FAMU signees leave Rickards facing rebuilding
By St. Clair Murraine
Signing day was a little bitter-sweet for Rickards’ football coach Quintin Lewis, whose team had five players signing with FAMU.
He was glad to have as many players getting an opportunity to advance their education. However, he couldn’t dodge the fact that the departures left him with the task of rebuilding a team that was a force in the Big Bend over the last two seasons.
“These guys were very important to the program,” Lewis said. “They’ve been in the program for four years and were vital. I don’t know how we are ever going to replace players like the guys that are leaving right now.
“Hopefully they had instilled some leadership in the young guys. These guys are special. They are one of a kind.”

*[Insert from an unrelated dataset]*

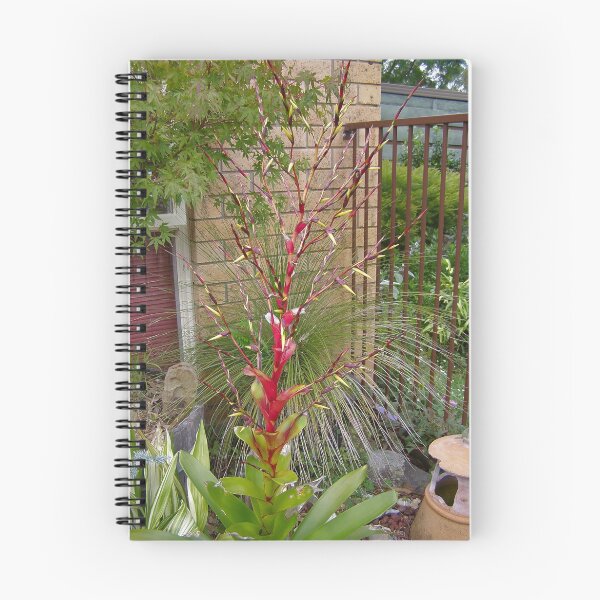 Item preview, Bromiliad designed and sold by Vic Cross.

Leading the Raiders who are heading to FAMU is Ferante Cowart, a first-team All-Big Bend selection at receiver. Joining him are teammates Kendrick Kelly (receiver), and Javon Peterson (defensive back). Jordan Nance and Shedrick Bryant plan to enroll at FAMU on academic scholarships.
Kelly is the only Rickards player signed as a preferred walk-on.
“I’m going to go that route and see how far it will get me,” Kelly said.
“Nothing in the world comes easily. It’s going to be a tough route, but the dog in me is going to make me get that scholarship.”
Coach Willie Simmons’ first-year recruiting class also includes players from two other local schools and they could be considered the big two, as they are All-Big Bend first teamers. Simmons said he recruited Godby’s defensive lineman Richard Summers for his speed, as well as FAMU DRS offensive lineman Terrence Cambridge.
The biggest name from the area that was signed by Simmons is Madison’s running back Derrick Staten Jr., last season’s All-Big Bend Offensive Player of the Year. The Rattlers also recruited another All-Big Bend star in Isaiah Lewis from Wakulla.
Several of the players said they decided to stay close to home because of the fresh energy that Simmons, who was hired in December, brings to the FAMU program. Playing in front of their families was a factor, too.
“It’s great when my mom doesn’t have to travel out when we play at home,” said Summers. “It’s a wonderful feeling when my family can watch me play. That makes me play even harder.”
Although he got a late start on recruiting, Simmons said he set out to get the best available talent in the area.
“We always want to start in our own backyard too make sure we are not losing quality players to our competition,” he said. “We understand we are not going to compete against a lot of the larger schools until we upgrade facilities, but we definitely want to be known as a school that’s known for keeping local talent here.”